Ruby quiz #54 - Alex (2006-11-16 (Thr) 09:38:36)

See also Ruby quiz 54 and Dave Balmain's comparison of entries (I can't link directly to the post, the permalink is broken.).

mfp 2006-11-16 (Thr) 12:29:45

Thank you, I'd forgotten that one. It's becoming easier as time goes on, with >100(!) quizzes...

I took a look at the solutions, and they all use an inverted index of some kind (either with a hash/trie or a bitmap with one bit per document). I might try to see how my suffix-array stuff ranks against them later (esp. if I keep developing it).


Unicode - roberthahn (2006-11-17 (Fri) 08:06:37)

I would totally want to use this, but I'm trying to figure out a means to set up a character equivalency. People might want to search for "allo" (French for hello), and expect to get "âllo" in the search results.

So far, the best idea I can think of is to construct a giant hash, where the keys are stringified Regexps, and the value is the ascii equivalent: { "[äâáåà]" => "a" }, and then iterate throught the hash on the source document, converting unicode characters to ascii.

It also seems like you'd have to treat all punctuation as insignificant somehow -- but then the full text repository isn't true to the original presentation, so the best you could do is return links to the file and let the user figure it out.

But then, you did say it was a *simple* full-text search engine... :)

mfp 2006-11-17 (Fri) 12:23:43

You can easily handle such "character equivalences" by changing the comparison function in the binary search method (e.g. by creating an approximate ASCII representation of the suffix before comparing), without changing the corpus itself.

As for punctuation, it's not being ignored:

Input term: 
foo.to_s
Needed 0.000856 seconds.
================================================================================
Found in /home/batsman/usr//share/ri/1.8/system/WeakRef/cdesc-WeakRef.yaml:
 
Usage:
  foo = Object.new
  foo = Object.new
  p foo.to_s                  # original's class
  foo

It's just that, by construction, there are no suffixes starting with a non-word character, so you can look for "bar * baz" but not for "-foo". It is possible to change the criteria used for "suffix selection" on a document basis (or even in different sections of a document) very easily. For instance, you could use n-gram analysis to locate words boundaries (just the start suffices) in a text written in Japanese, and arbitrarily sophisticated lexing to index source code.

This makes for some interesting hacking, so I'm going to see how far I can push it in terms of speed (avoiding disk seeks by enriching the suffix array with additional data, caching, general optimization), scalability (splitting the index into several fragments, supporting merging, document addition), functionality (boolean & regexp searches, relevance criteria, maybe principal component analysis?) and reliability (concurrent search/indexing, transaction support?), while keeping it in pure-Ruby. At that point it would justify a separate release.

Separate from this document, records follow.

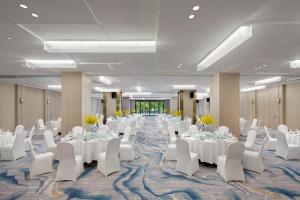 une salle de banquet avec des tables blanches et des chaises blanches dans l'établissement voco Lianyungang Haizhou Bay, an IHG Hotel, à Lianyungang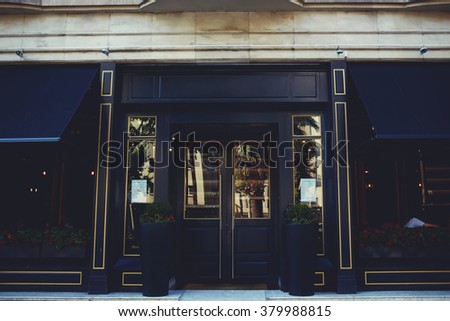 Exterior of luxury restaurant made of black wood with copy space area for your advertising text message or promotional content, central entrance to the prestigious expensive hotel in urban scene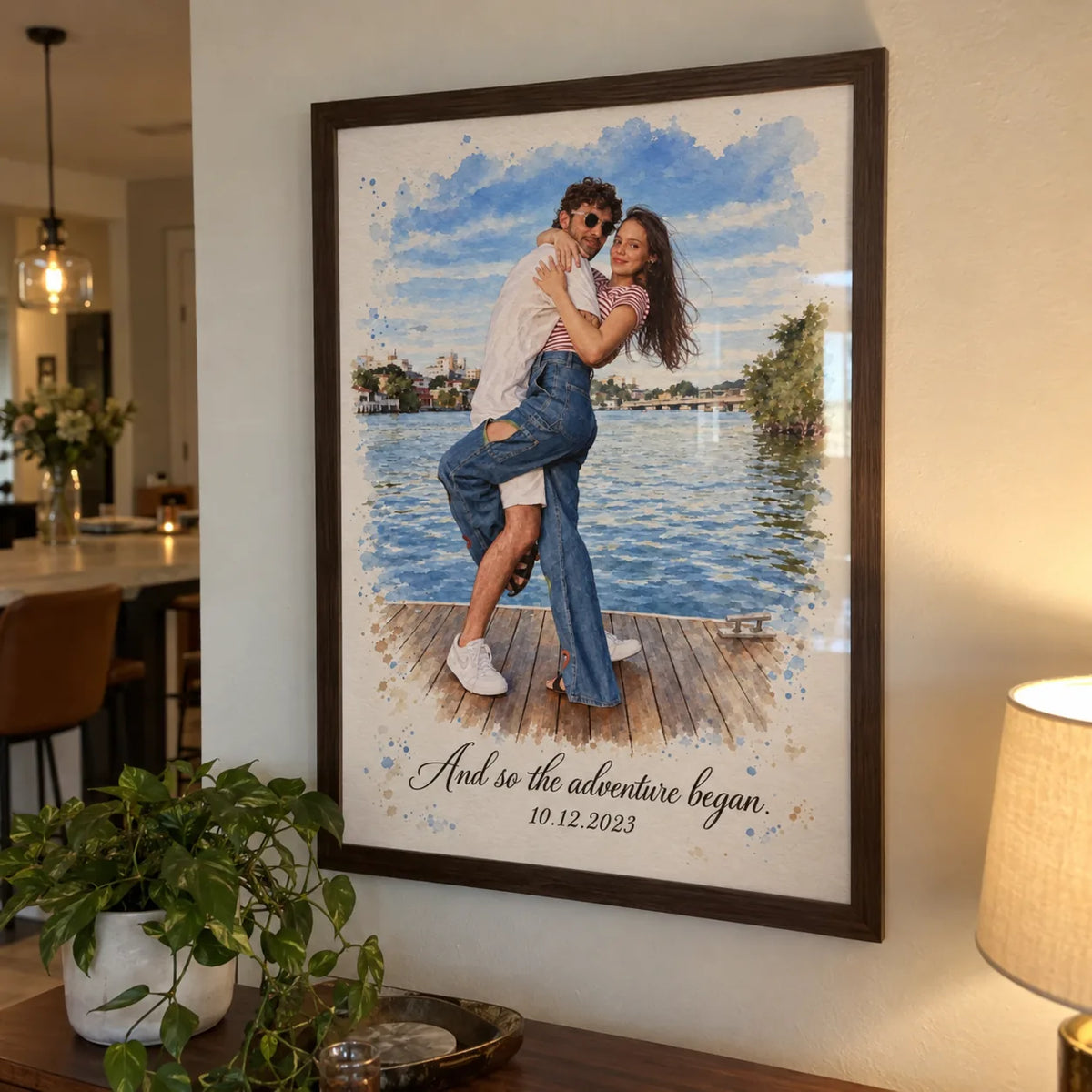 A framed watercolor portrait of a couple on a lake dock hangs on a wall.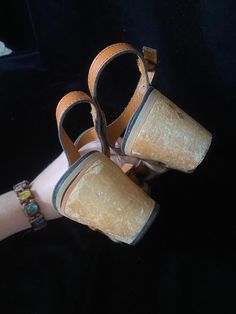 Very funky 1950's brown leather sandals with wooden cut out wedge heels. Bottoms are a soft black material, one shoe is missing a chunk of the soft bottom by the heel, shown in photo. I have not repaired. Wood heels have some scratches. Being sold as is Women's size 5 Retro Leather Open Toe Sandals, Retro Brown Leather Sandals, Vintage Leather Sandals With Round Toe, Retro Open Toe Clogs For Summer, Vintage Brown Sandals With Round Toe, Retro Leather Sandals With Block Heel, Vintage Closed Toe Platform Sandals, Retro Brown Platform Sandals, Wedge Sandals With Wooden Block Heel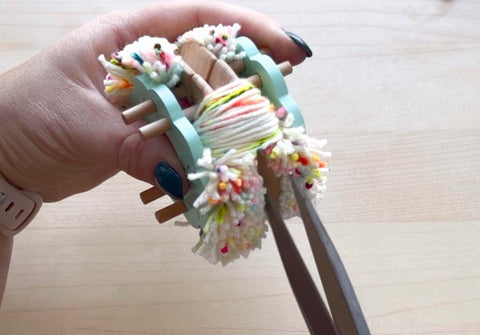 cutting the yarn on a Pom Maker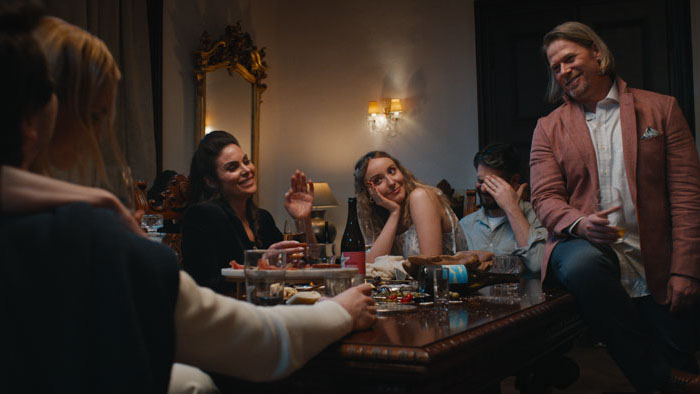 Francesca Carlyle (Joan Collins) and Chauncey react to a discovery on a laptop in A Murder Between Friends.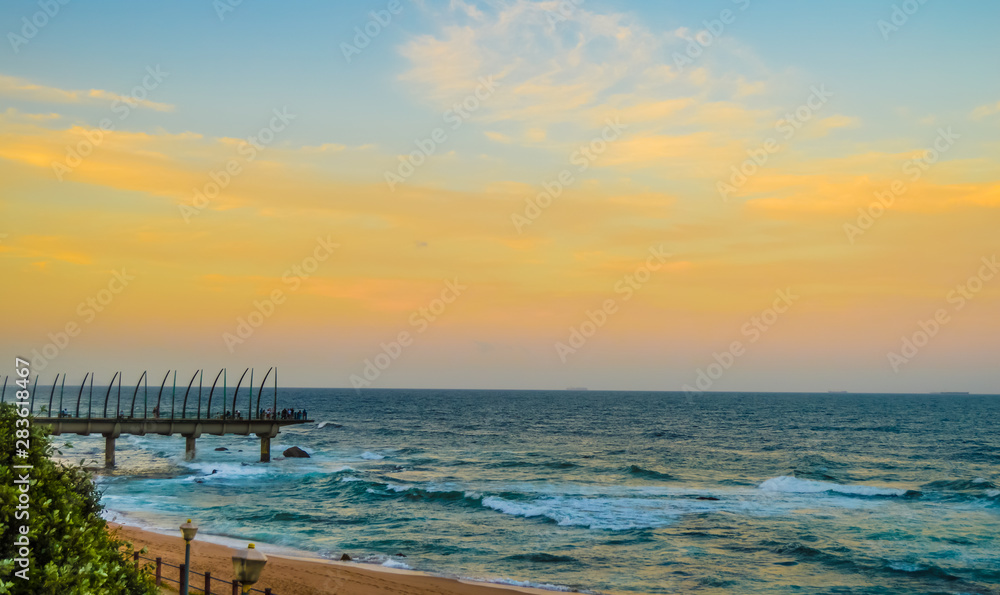 Beautiful Umhlanga Promenade Pier a whalebone made pier in Kwazulu Natal Durban North South Africa during sunset Beautiful Umhlanga Promenade Pier a whalebone made pier in Kwazulu Natal Durban North South Africa during sunset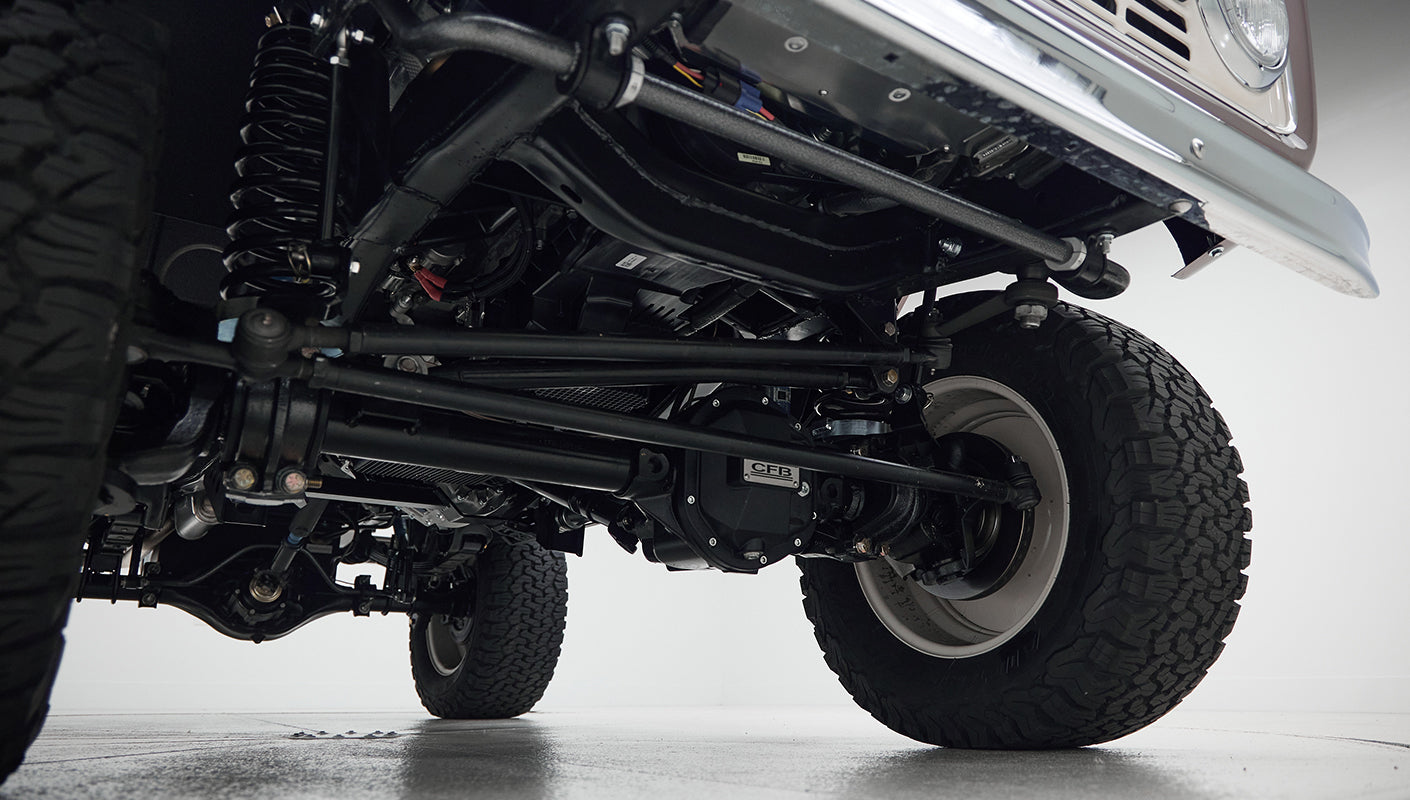 Underside view of suspension and front tires of Classic Ford Bronco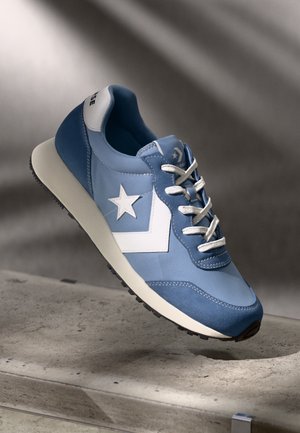 Blue sneaker featuring a suede and textile upper, white star accent, gray rubber sole, and white laces, with a rounded shape and smooth texture.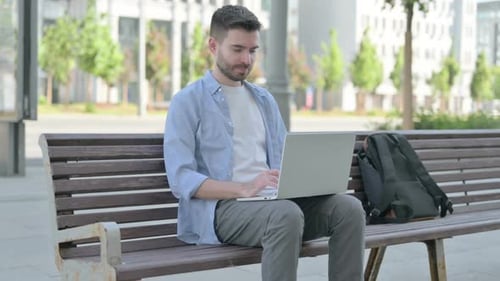 Joven apuntando a la cámara mientras está sentado en el banco al aire libre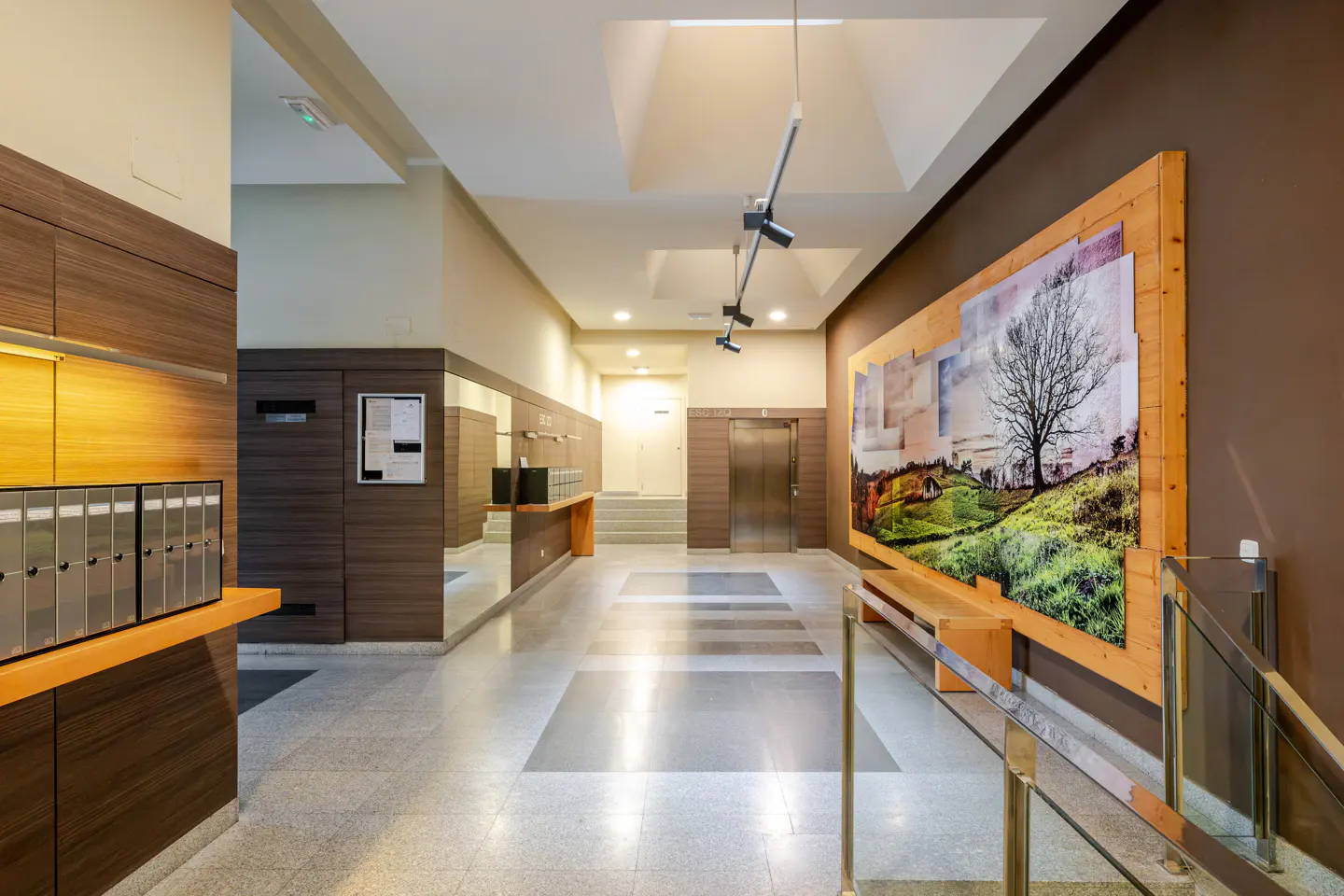 Apartment lobby with mailboxes, elevator, and large landscape art on a brown wall.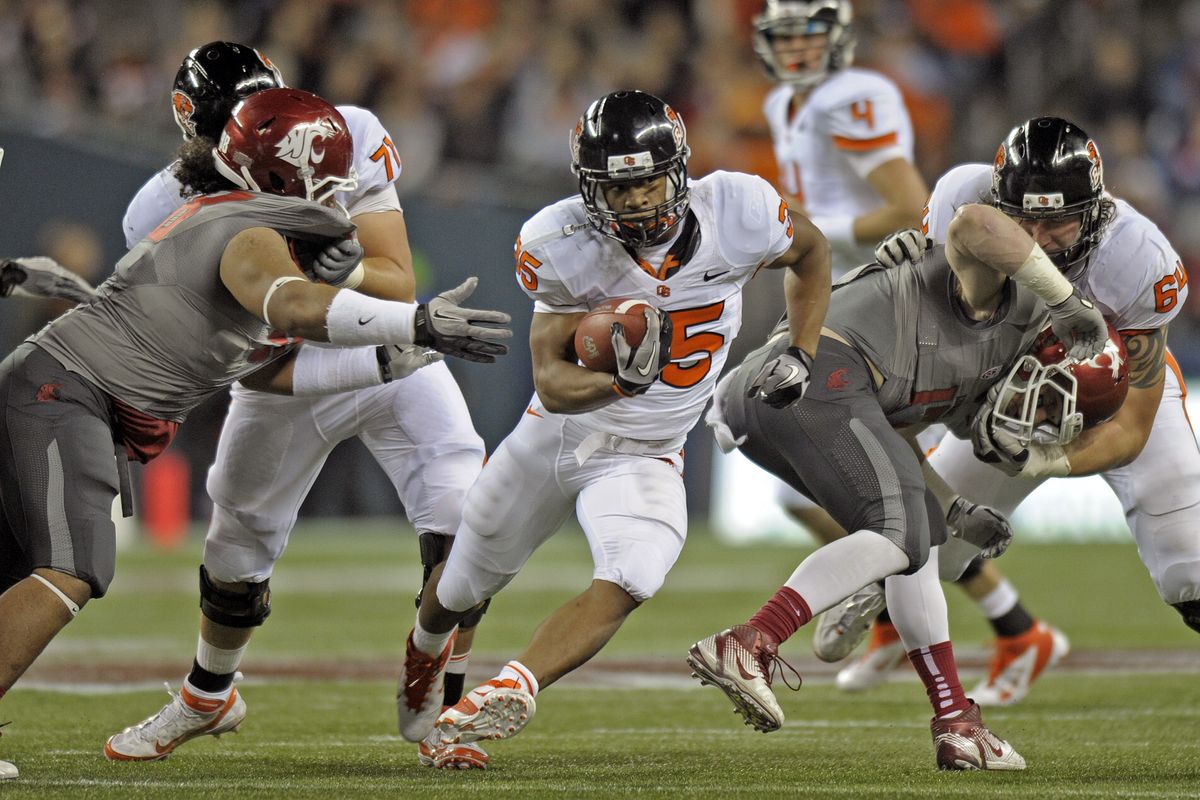 Oregon State running back Malcom Agnew (35) burst through the line as one WSU defender is pulled away by his pads and the other taken down by the facemask during first half action in their game in Seattle, Saturday, Oct. 22, 2011. (Christopher Anderson / Spokesman-Review)
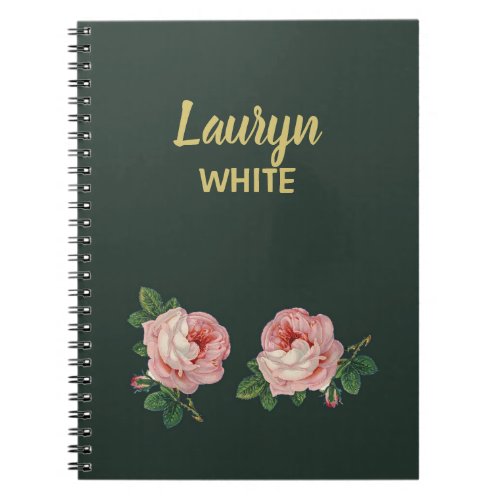 Pink flower and leaves on dark green notebook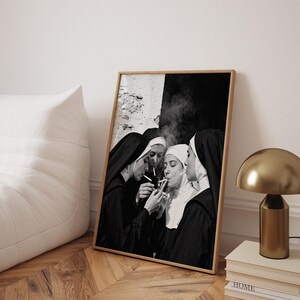 May include: Black and white framed print featuring four nuns in traditional habits, smoking cigarettes. The image is set against a textured wall and a dark background. The print is displayed on a wooden floor, next to a white beanbag chair and a gold lamp.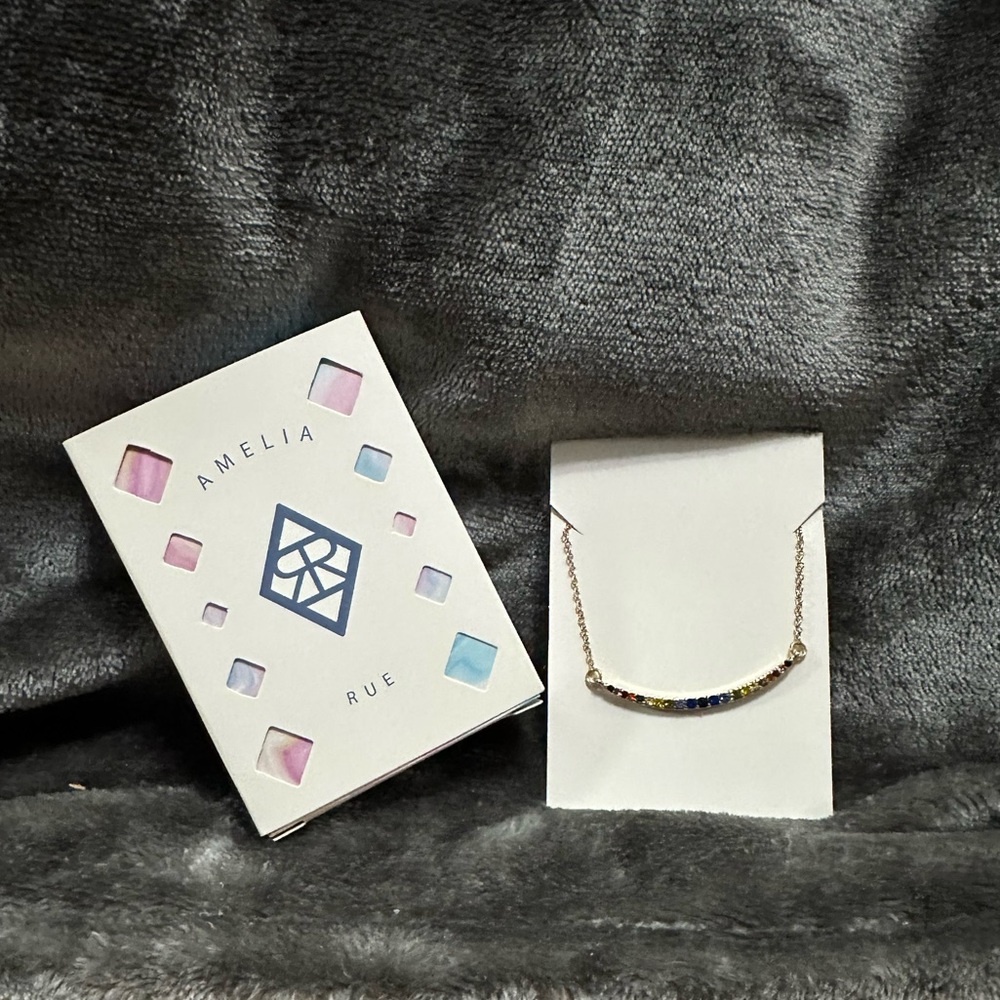 Amelia Rue Gold Tone curved rainbow necklace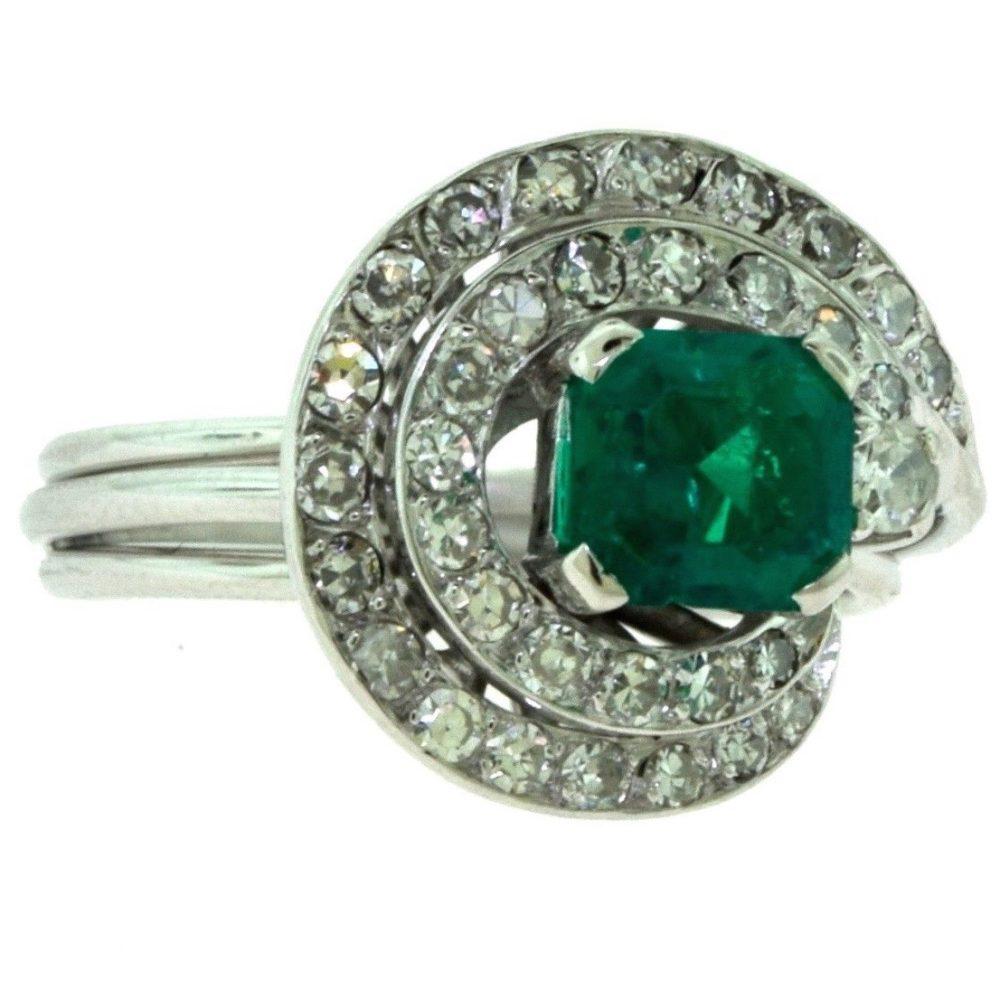 emerald swirl engagement ring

Binary_search - M. Demazure (2006-11-18 (Samedi) 02:10:56)

Simpler code for binary_search, avoiding unecessary recursive calls.

def binary_search(indexIO, fulltextIO, term, from, to)

   while from < to
     middle = (from + to) / 2
     pivot = get_string(indexIO, fulltextIO, middle, MAX_WORD_SIZE)
     if term <= pivot then to = middle ; next
     elsif term > pivot then from = middle+1 ; next 
     end
   end
   pivot = get_string(indexIO, fulltextIO, from, MAX_WORD_SIZE)
   if pivot.index(term) == 0
     indexIO.pos = from * 4
     [from, indexIO.read(4).unpack("V")[0]]
   else
     nil
   end
 end

mfp 2006-11-18 (Sat) 16:51:51

better indeed since Ruby doesn't do tail-call optimization

Anonyme 2006-11-29 (Mercredi) 00:46:42

Yes. By the way, I used your prototype code for a small personal tool, and it was very useful. Thanks

M.D. 2006-11-29 (Mercredi) 00:47:37

Lst anonyme is me, forgot to put my name.